"Tom O’Hern is probably one of the most well-recognised artists in Tasmania right now"
O’Hern describes with a strange fondness those lost parts of suburbia where weeds choke unpopular infrastructure. Blackberries, hemlock, willows—those stranglers of drains, signposts and rubbish—poisonous and picturesque foxgloves, peering over smashed glass and cokes cans and stolen bikes. His monster drawings evolve the same way, exploding across the paper rhizomatically, as if roots direct routes in some kind of cell-splitting, replicating, cloning, swarming, breeding…
…but O’Hern’s monsters are not monstrous. The monstrous, like the abject, includes in its own expression the desire by others to cast it out, to reject or to escape it. O’Hern’s monsters are not sinister, they’re comical: full of fractured smiles that are full of fractal tracks of sharp teeth; thousands of wall eyes, they look like they’re laughing. But they’re not quite hysterical either, the artist’s command of his medium is too convincing; there is no loss of control.
Perhaps it is the artist’s work to tame the monstrous?

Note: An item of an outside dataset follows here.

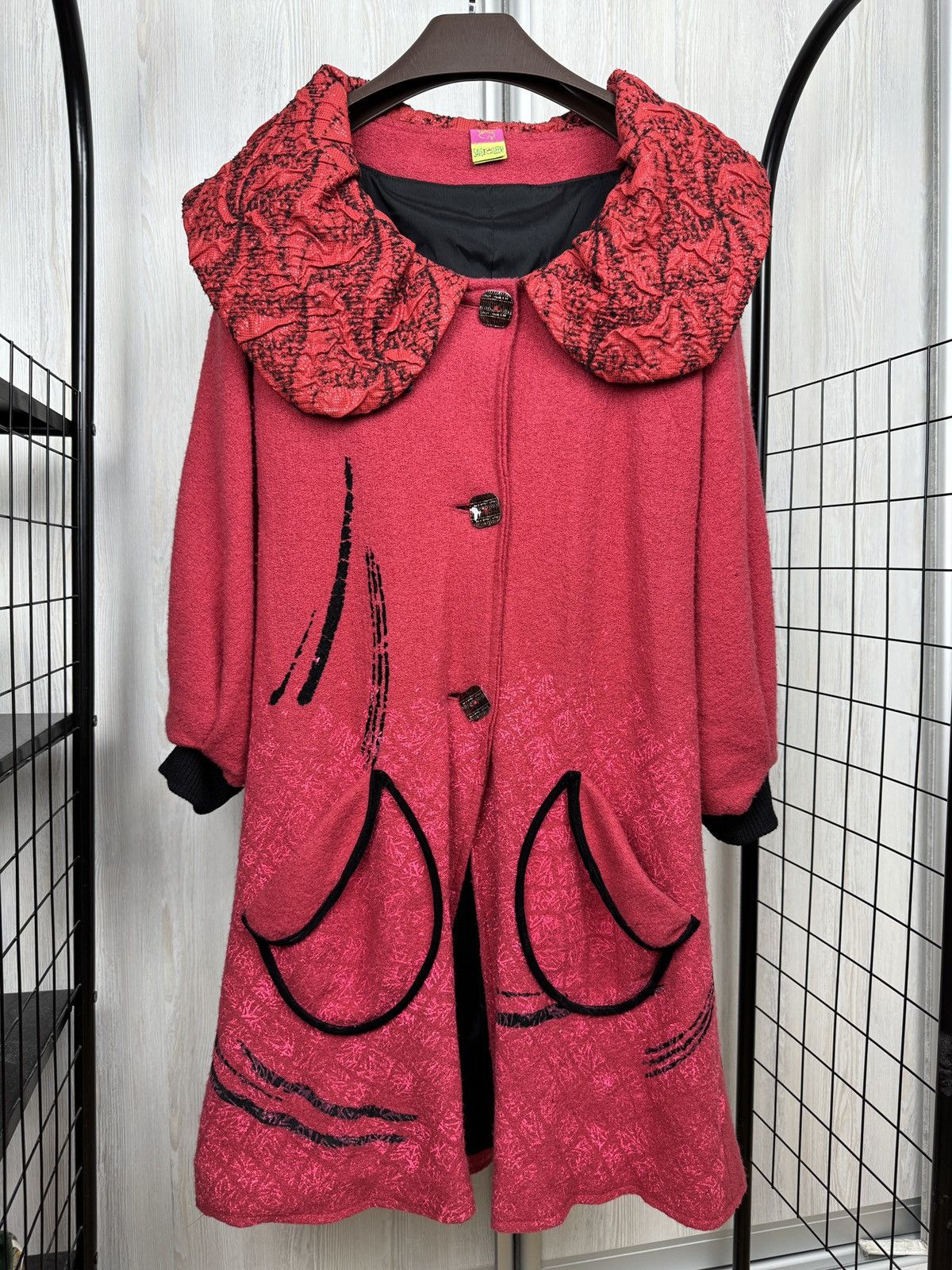 If Six Was Nine Save the Queen red pure cashmere avant garde vintage coat Size M / US 6-8 / IT 42-44 - 2 Thumbnail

Like the child in a Patrick White novel who both fears and reveres a cascading monstera deliciosa; his every humiliation is caught in the thousand eyes of his own delicious monster.
I think as the strictness of realism was shed, Tom’s output became more tinged with metaphor and idea, although it’s still also about the sheer expressive joy of drawing weird looking stuff. Tom draws what he likes, and what he likes is comically grotesque. It’s just that that’s not all it is. There are two undercurrents I’ve started to identify. One is a kind of occult symbology that may have simply come from an investigation of older images of demonic entities, which is interesting enough in itself, because you could see this as placing O’Hern in a tradition that stretches back centuries and takes in artists like Bosch and Breughel. O’Hern does have fun examining the traditions of the grotesque, and it does link him as well to strains of underground art and non-traditional sources of imagery – like comics or the heavy metal genre. This isn’t so pronounced, but it is there in the mix, and it makes O’Hern more interesting when you realise he’s a magpie who has studied quite widely, and that part of what he’s doing is paying homage to one of the longest running veins of art.